Part of the problem with cryptocurrencies is they are hard. They aren't really built for "the common man," which really is code for Boomer, but that's another story. As a GenXer approaching the "get off my lawn" stage of life, I've been intrigued by people that hope to make crypto easier - to the point where it's as easy as say, working with a bank. Enter Coinbase. But this isn't a story about them. This is a story about the next evolution of cyrpto currencies - Web 3. In particular, Ethereum and now, Blockstack.
Where Coinbase and a few others brought the crypto currencies themselves to the masses - making it easy to buy and sell tokens just like you would a stock, there's more to the story of economic freedom. There's a whole new distributed computing ecosystem that is being developed and it uses these cryptocurrencies as the "fuel" to power them and secure them. Ethereum is likely the best known of these Web3 platforms. Yes, it is a cryptocurrency - second only to Bitcoin in market capitalization.
But, unlike Bitcoin which is JUST a cryptocurrency, Ethereum is so much more. First, it's a completely separate network - Bitcoin miners and Etherem miners are different things. Second, they use different mechanisms to secure themselves and generate new coins. Bitcoin uses a thing called Proof of Work - literally, a "miner" does stupid complex math problems to create new coins. Ethereum uses a mechanism called Proof of Stake (in 2.0 - going for shelf life of this damn article). This means that to run a miner, you have to lock up a certain amount of existing coins (a LOT) to have a shot at getting mine the next coin - also worth a lot. Both have pros and cons, but Ethereum is much more eco-friendly. Third - and this is key - Ethereum also RUNS code (called Smart Contracts). You can "pay" the network to execute code (written in a language called Solidity) and the execution of that code, and its results, can be anchored to the chain itself. This is HUGE for decentralized and distributed computing.

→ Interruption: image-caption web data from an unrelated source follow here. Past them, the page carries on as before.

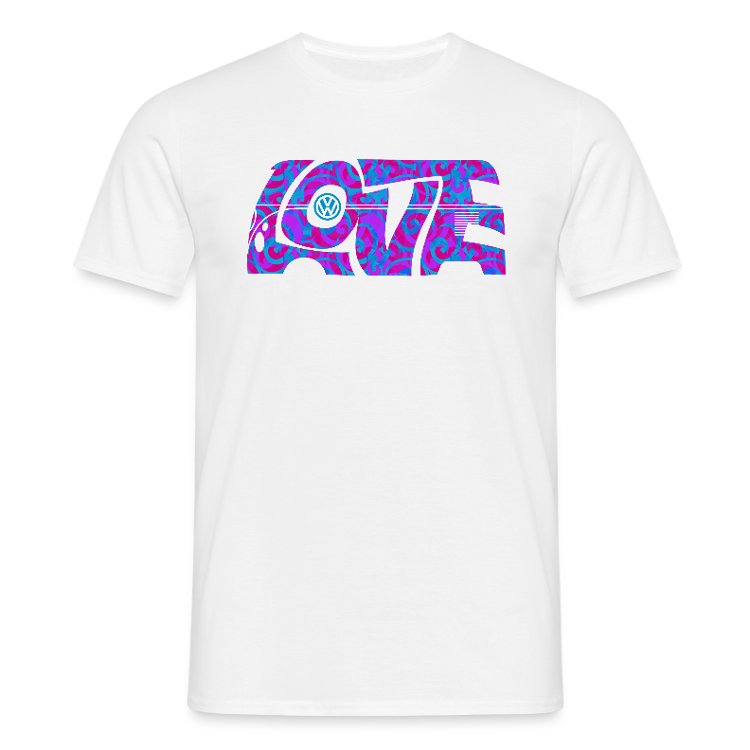 Spreadshirt Deutschland Facebook ad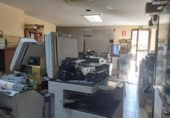 Local comercial
en venda
amb 74m² a Madrid, a la zona de Comillas, Paseo de Santa María de la Cabeza foto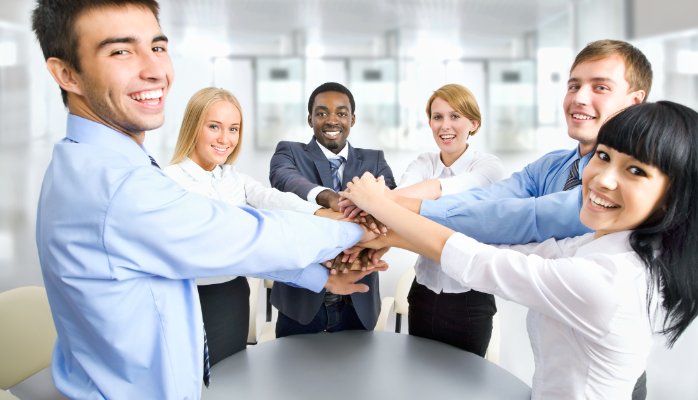 team management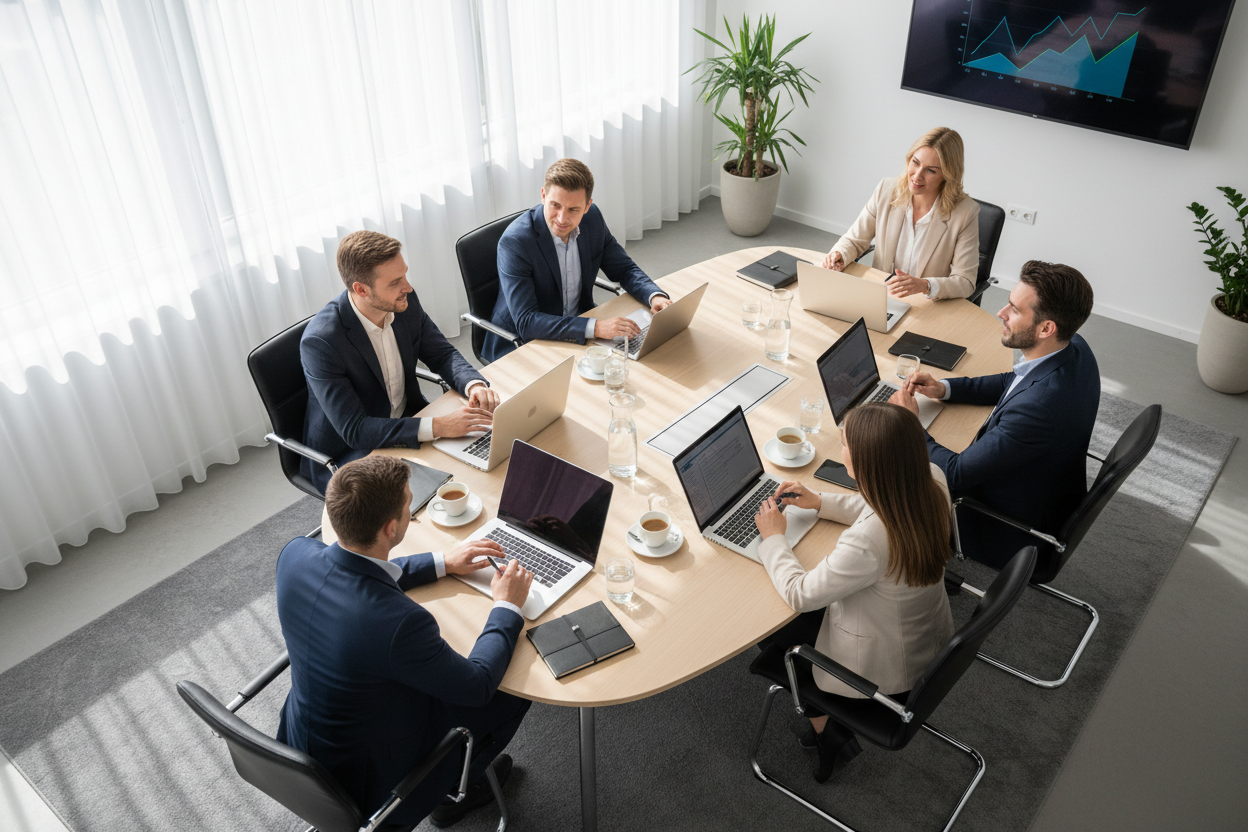 Consultant Services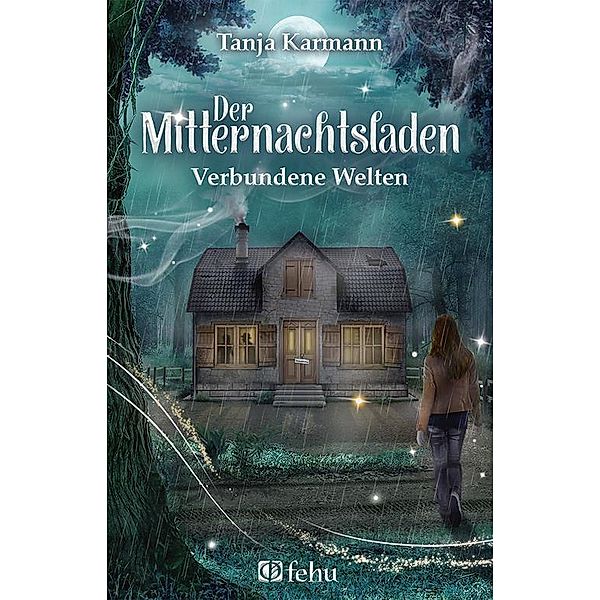 Der Mitternachtsladen, Tanja Karmann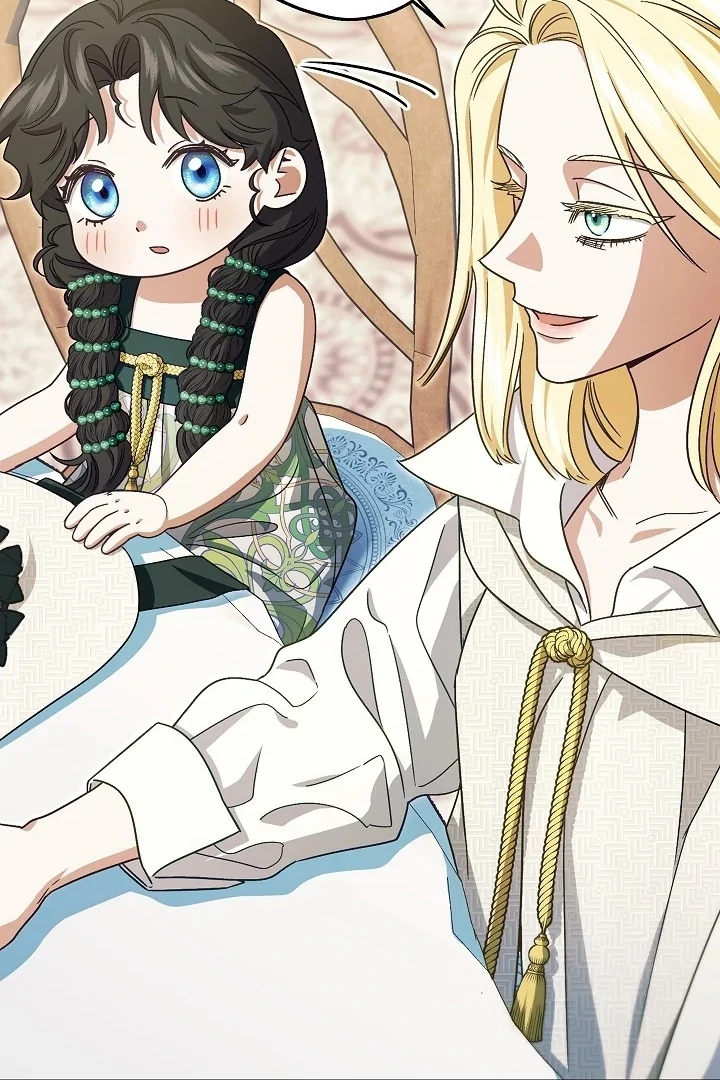Became the youngest Sister-in-Law of the Ruined Harem Male Leads Chapter 02 - Halaman 30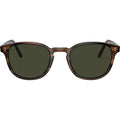 Fairmont OV5219S, Tuscany Tortoise/Green Polarised Glass Lenses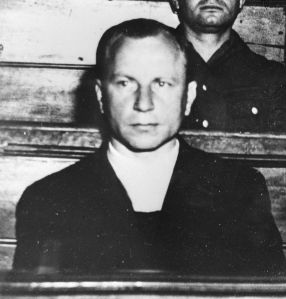 Lt. Col. Herbert Kappler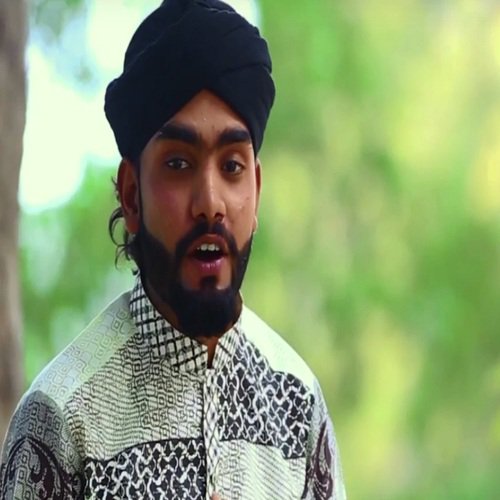 Mere Khuwaja Piya - Muhammad Sharik Qadri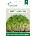 Agrosel Семена за Микро Бяло зеле (Brassica oleracea var capitata) - 8 гр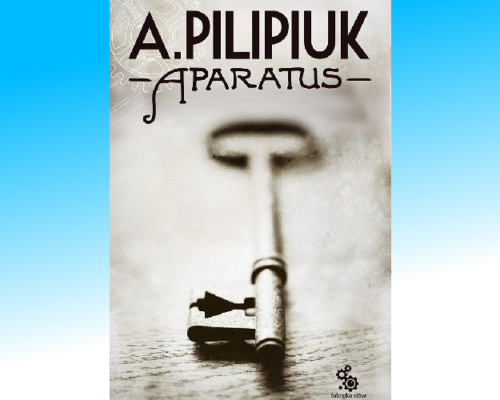 Aparatus –  Andrzej Pilipiuk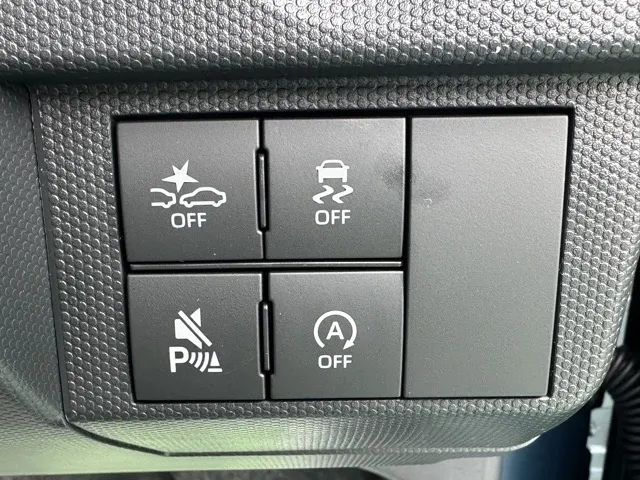 タフト(ダイハツ)G ダーククロムベンチャー届出済未使用車 24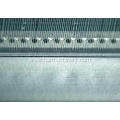 Terry Towel Tricot Warp Knitting Machine TM4-T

The downside to Ethereum and Solidity is that A) it's an order of magnitude smaller than Bitcoin in terms of sheer horsepower and secure mining. B) Solidity is really freaking hard and has to be compiled to be executed on nodes. This has opened it up to some really amazing hacks exposing and losing millions of dollars. Much of that has been solved, but many challenges remain. Wouldn't it be great if you could get the amazing compute power of Ethereum, but with the security of Bitcoin AND an interpreted language that is a lot more predictable? Now enter my second favorite crypto world - Blockstack.org.
Blockstack is a blockchain, just like Bitcoin and Ethereum. But Blockstack anchors to the Bitcoin blockchain as a place to record settlement and leverage the phenomenal scaling and security of that chain. It then adds the amazing flexibility and computational love of Ethereum, but without many of the risks AND introducing more tooling/capabilities for developers. With Blockstack, you get a blockchain that can quickly execute smart contracts and transfers (in seconds, unlike Bitcoin that takes 10s of minutes), provides an entire protocol layer for storage, authentication, naming, etc., AND uses a MUCH more developer friendly language called Clarity. It's like the best of many worlds, smooshed together.

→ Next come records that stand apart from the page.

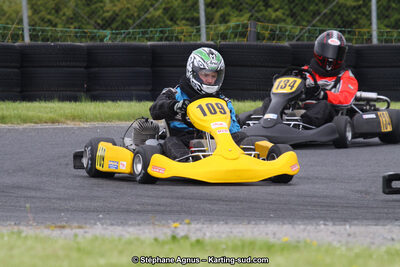 13/05/2012 : 4ème manche du Championnat du Sud 2012 à Belmont (Photos Stéphane Agnus) 2012 — karting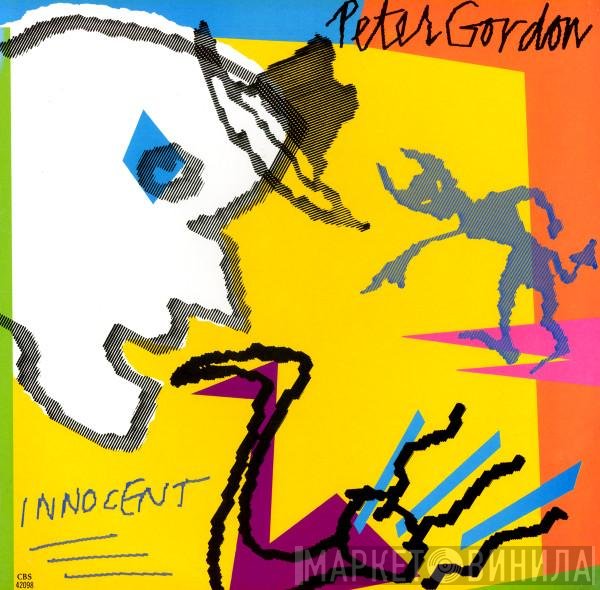 Peter Gordon  - Innocent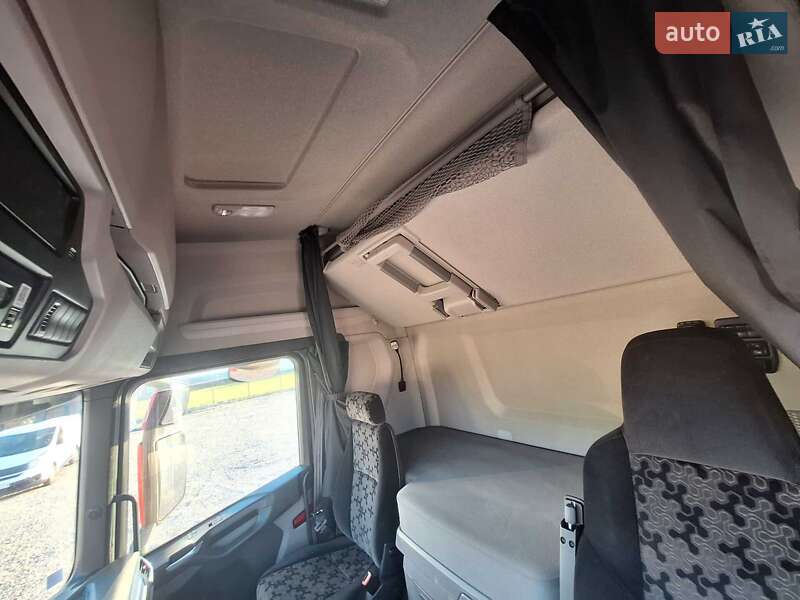 Тягач Scania R 500 2019 в Луцьку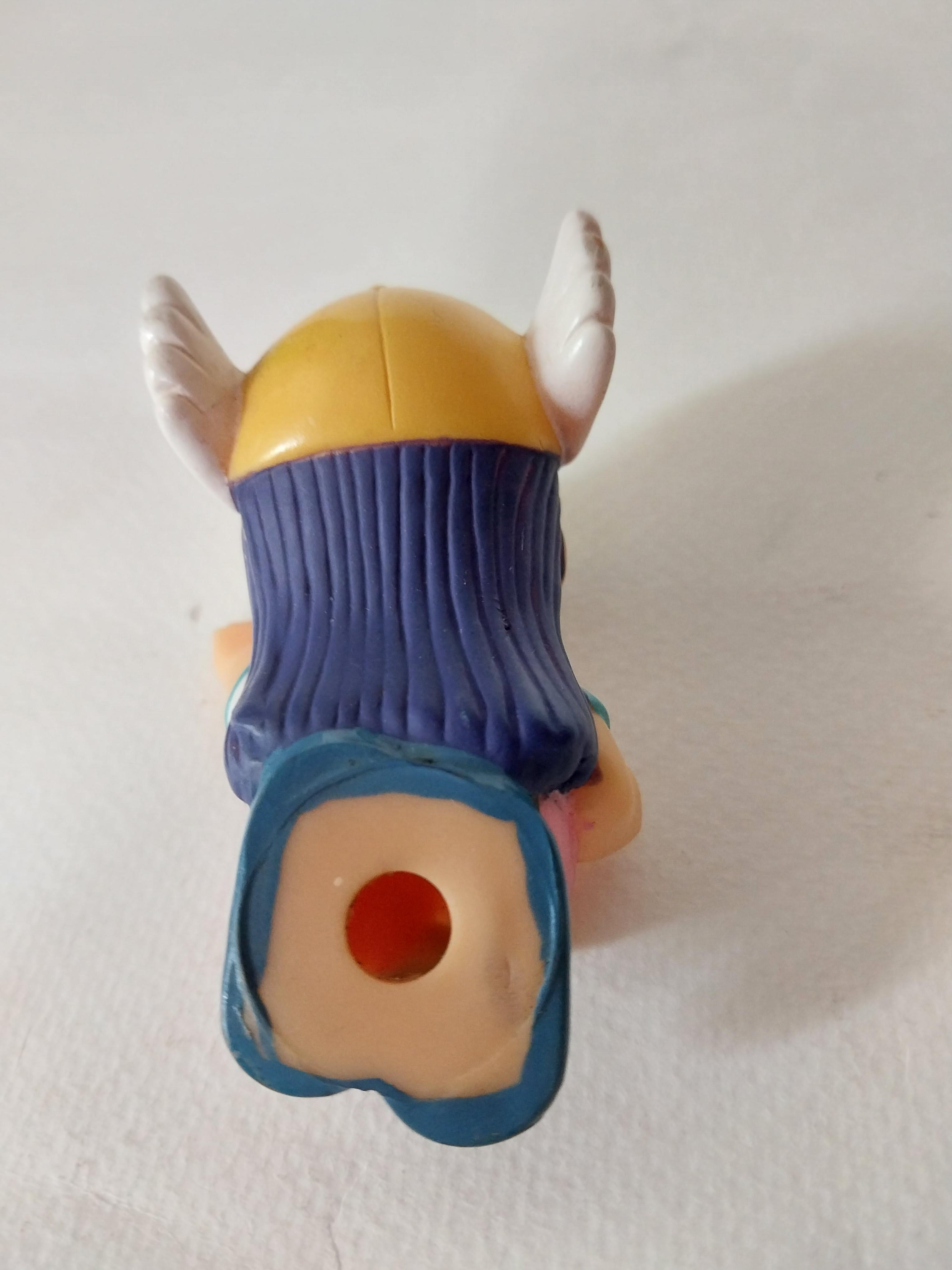 มีหลายภาพ ตุ๊กตายาง อาราเล่ ของมีตามภาพ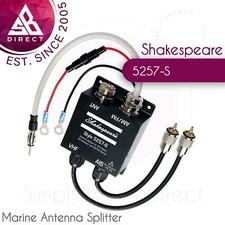 Shakespeare 5257-S Marine
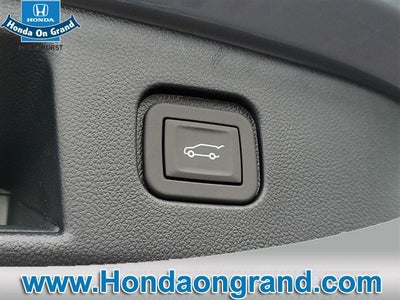 2026 Honda Prologue Elite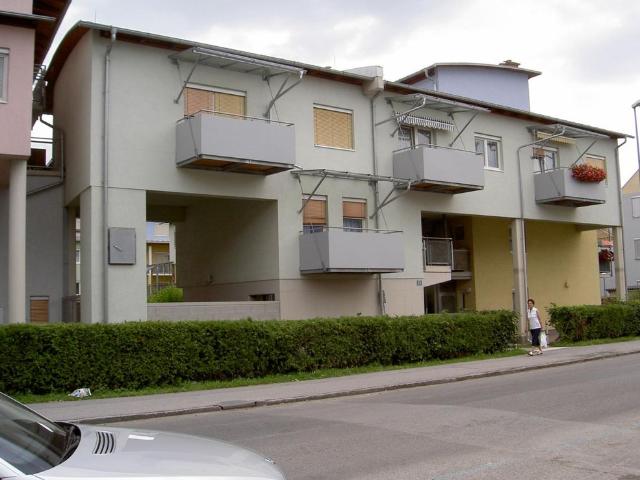 Apartment mieten in Gratkorn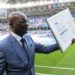 MONDIAL QATAR 2022 :   Roger Milla honoré par la Fifa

Where do I come in here? Well, I've been a huge fan of the original inventors of Blockstack (Muneeb and Jude, and others) since they invented a distributed, trustless naming server way back in the day called onename.io. After that platform graduated to Blockstack (1.0), they also brought a great deal of security, authentication and and application portfolio design to the masses while they developed the 2.0 version. It launched this past Thursday and was quite a treat to see!

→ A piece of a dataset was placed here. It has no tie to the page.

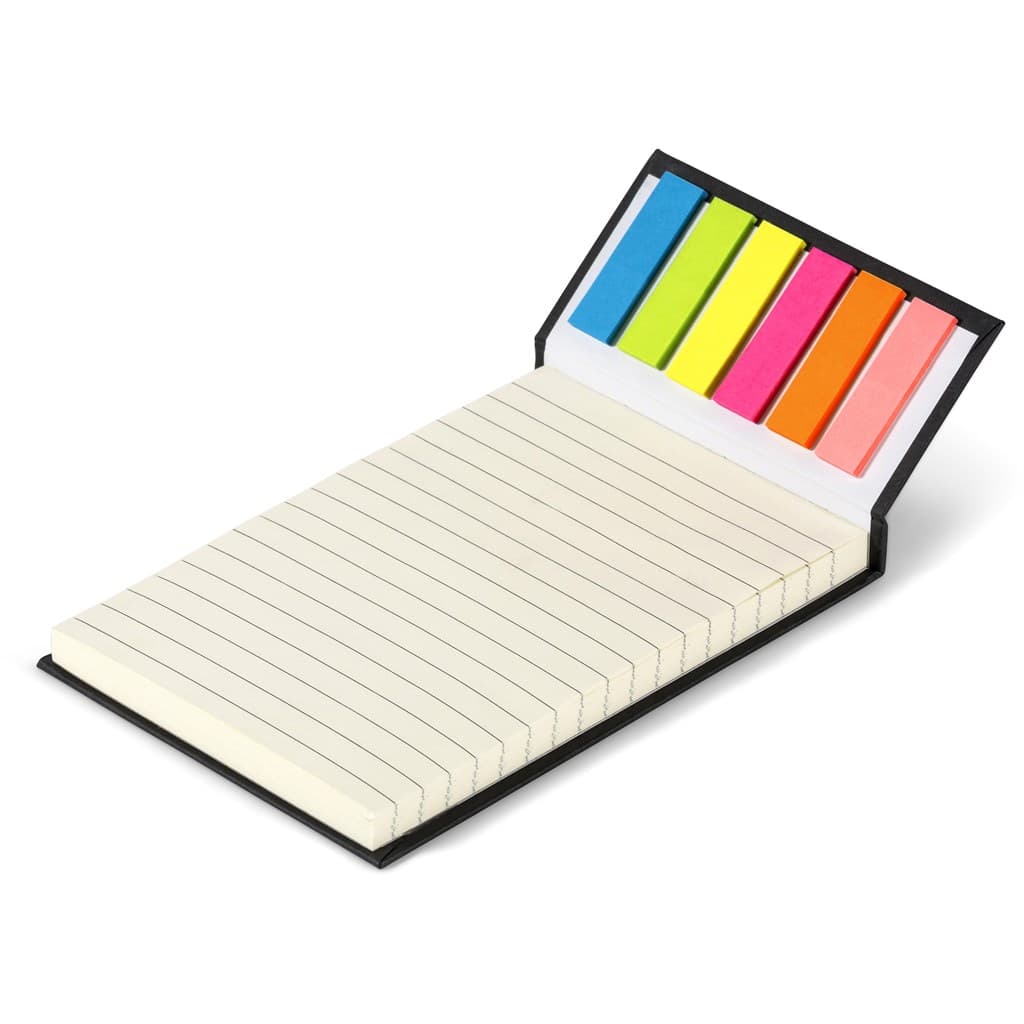 Altitude Masquerade Memo Set thumbnail 3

The blockchain launched around noon central time and I was very fortunate to be one of the original 20 miners. Blockstack's mining ecosystem is still brand new and working out the kinks. It uses a novel technology called Proof of Burn - ie, in order to get the reward of mining the next block, everyone throws in some Bitcoin. The more Bitcoin you throw in, the higher chance you have of getting the next Blockstack block reward. Pretty slick - it makes it so you leverage Bitcoin's security and get the ecosystem of Blockstack.
I wasn't able to mine for long - it's a bit like playing Roulette. I put in the default amount to burn (about $35 every 10 minutes) but didn't win any. Had I won, that $500 I had burnt on Bitcoin would have yielded me 1,000 Stacks - the Blockstack currency, which would had been worth about $1,500 (as of last Thursday). Alas, I was also having troubles with my Bitcoin node and transactions not getting accepted. SO, instead, I decided to wait till things settle down, kinks get worked out and then I'll be delighted to jump back in.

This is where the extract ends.